Vancouver-born Shirley Chan  wanted to be a teacher, as her parents were before
        leaving China.   In a roundabout way she did, as chair of the University
        of B.C.'s board of governors. She also did her share of lecturing as
        five-year chief of staff to Vancouver mayor Mike Harcourt -- likely
        benefiting from a favourite recreation of snorkelling with sharks in
        Belize. She'd known lawyer Harcourt from the early 1970s, when she was
        executive director of the Strathcona Property Owners and Tenants'
        Association. That outfit provided a political leg-up to Harcourt and
        fellow future city councillor and NDP MLA Darlene Marzari, and helped
        prevent a proposed freeway infringing on that residential district.
        In 2007, Chan was named CEO of the Building Opportunities with
        Business Inner-City Society (BOB).

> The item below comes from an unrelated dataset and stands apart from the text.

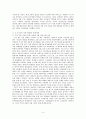 [한국현대사] 민주화 운동의 명암 (민주화운동의 시기 구분, 5.18 광주 민중 항쟁, 6월 민주항쟁) 4페이지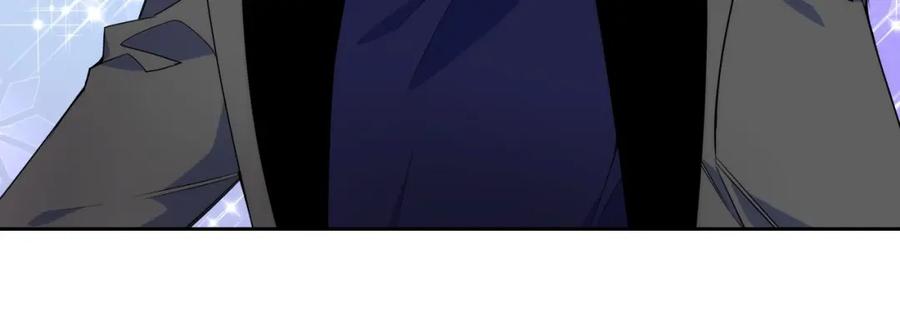 哥哥太单纯了怎么办？ - 第6话 正式见面 - 第110张图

That non-profit economic-development
        agency -- www.buildingopportunities.org-- is located in second-floor
        Pender Street premises formerly occupied by a law firm and, before that,
        the Bamboo Terrace restaurant.
        Rather than bring gold coin beef to the table, though, it directs
        investment coin up to $50,000 to business operators whose activities
        will better the economic climate in a zone stretching from Oppenheimer
        to Victory Square and Gastown to Mount Pleasant.
        This especially applies to those creating and retaining jobs for
        inner-city residents.
        Pointing to 10 vacant storefronts on East Pender's 200 block, Chan
        said: "Even in Chinatown, which still has healthy business, there
        isn't enough diversity to draw people. When you have people with no
        money to spend, you see businesses leaving, then the banks
        leaving."
        Many organizations -- from the city's planning department to family
        associations -- operate in and around Chinatown, of course.
        Still, Chan said BOB's efforts "have generated $49 million worth
        of new business for the area."
        That includes the symbolic, as well as practical, program of
        "bringing the light back to Pender and Hastings." Joining
        recently installed examples at places like the Rickhaw (formerly Shaw)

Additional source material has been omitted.